This maturity is sorely lacking in too many of those who, flush with self-righteous indignation, campaign against Washington and his generation for failing to live up to our current politically correct standards. They give full vent to the condescension and vitriol they nurse toward the Founding and those who accomplished it. They seek to discredit America’s exceptional beginnings because it is not perfect enough. The maturity that appreciates and honors great men like Washington requires far more than the close-minded bigotry of far too many school faculties and boards of historical institutions.  It demands that we reckon with the people and times in which they lived on their terms, not superimposing our prejudices and biases on those who triumphed over hardships and uncertainties of which we rarely experience today.
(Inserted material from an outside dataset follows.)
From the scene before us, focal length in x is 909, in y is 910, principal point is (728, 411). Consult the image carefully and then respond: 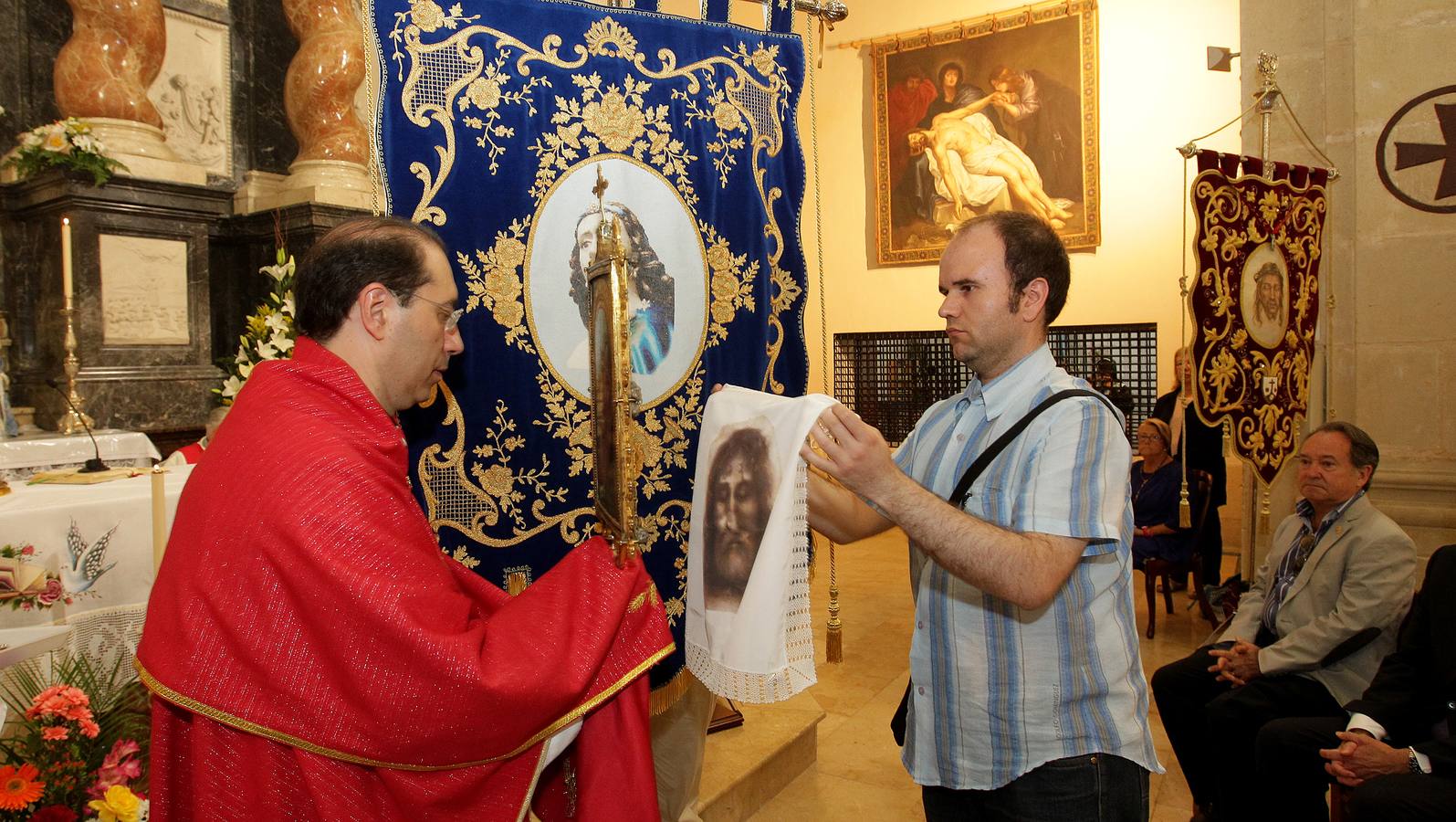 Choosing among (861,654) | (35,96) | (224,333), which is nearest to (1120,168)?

Modernity, by itself, has not given us a special insight into human nature never before understood.  We are not so enlightened as we may think just as they were not so backward and provincial as we assume they were. It is by severing ties with the wisdom of the past — as if slavery, economic disparity and all the other trite catch-phrases of political correctness cannot co-exist with anything worth learning from the past, however wholesome, right or truthful — that we now face a future living in denial of all standards, even the realness of reality.
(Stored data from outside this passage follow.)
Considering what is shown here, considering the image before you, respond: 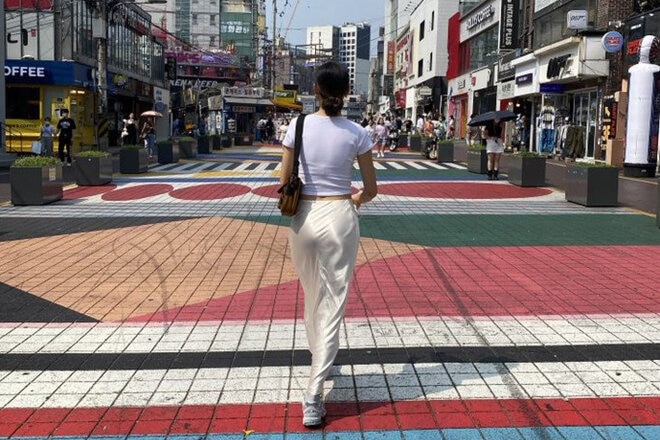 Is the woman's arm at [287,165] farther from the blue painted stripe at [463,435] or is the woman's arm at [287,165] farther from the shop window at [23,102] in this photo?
the shop window at [23,102]

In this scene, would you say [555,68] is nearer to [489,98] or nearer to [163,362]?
[489,98]

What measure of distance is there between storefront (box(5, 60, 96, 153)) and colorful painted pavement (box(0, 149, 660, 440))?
22370 mm

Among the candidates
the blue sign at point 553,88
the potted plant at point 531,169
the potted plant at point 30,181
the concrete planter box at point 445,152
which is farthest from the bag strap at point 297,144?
the blue sign at point 553,88

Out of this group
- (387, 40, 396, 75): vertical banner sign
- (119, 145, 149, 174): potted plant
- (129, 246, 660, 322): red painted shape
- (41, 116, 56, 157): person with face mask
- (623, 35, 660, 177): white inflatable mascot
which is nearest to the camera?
(129, 246, 660, 322): red painted shape

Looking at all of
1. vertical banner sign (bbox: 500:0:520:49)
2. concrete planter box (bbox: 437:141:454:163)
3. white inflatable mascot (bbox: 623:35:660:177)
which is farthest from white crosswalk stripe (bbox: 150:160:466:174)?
vertical banner sign (bbox: 500:0:520:49)

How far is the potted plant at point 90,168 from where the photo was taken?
17.2 meters

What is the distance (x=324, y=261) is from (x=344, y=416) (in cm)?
91

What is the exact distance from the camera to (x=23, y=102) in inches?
1315

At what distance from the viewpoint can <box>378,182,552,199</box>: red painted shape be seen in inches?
624

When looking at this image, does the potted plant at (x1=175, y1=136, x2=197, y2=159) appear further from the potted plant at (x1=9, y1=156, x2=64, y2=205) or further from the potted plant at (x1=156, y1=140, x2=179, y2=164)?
the potted plant at (x1=9, y1=156, x2=64, y2=205)

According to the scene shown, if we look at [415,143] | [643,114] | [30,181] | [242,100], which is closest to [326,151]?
[30,181]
To know who we are again, it takes maturity to return and consider Washington, not as the straw man set up by “debunkers” to be easily knocked down: as either the impeccable demi-god of the Revolution nor the rich, white Southern slave owner whose hypocrisy overshadows whatever he has to teach us. In reality, he is to be appreciated as the faithful and humble man who achieved great things not because of privilege or perfection but because he held fast to character and God as his ultimate strength, overcoming time and time again what could have been permanent handicaps and lasting failures. Greatness is not a matter of birth or even breeding. Greatness is not found in never encountering failure. Greatness is discovered by persevering through failure. Greatness is manifested in one’s character, exercising the courage and conviction to rise above the expedience of the moment for the accomplishment of what is right in the end. Washington’s faith in Almighty God equipped him with the resolve to continue each day. It was a faith not resting on empty promises but rationally grounded in God’s reliable nature. It vindicates the wisdom of integrity, teaching what is essential regardless of what century it is or how far we progress technologically. As Coolidge reflected on the value of the Bible and those timeless moral lessons from Washington and others found within the books of his boyhood, he wrote, “Amid all the conflict and change which we call progress, amid the rise and fall of the contending forces of the earth, the really important relations of life remain fairly constant. After all, the older people of my boyhood, in assuming the stability and permanence of essentials, had a wisdom which experience has demonstrated to be more sound than it formerly appeared.”

Included in such sound wisdom is the virtue and valor of George Washington even now. He possessed a greatness stemming not from the accolades or privileges others gave him but from the kind of man he prepared himself to be, the discipline he exercised to master himself rather than be enslaved by an absence of moral standards, and the will to serve (not himself) but the good of others. He still stands because character outlasts time itself. Happy Birthday, George Washington!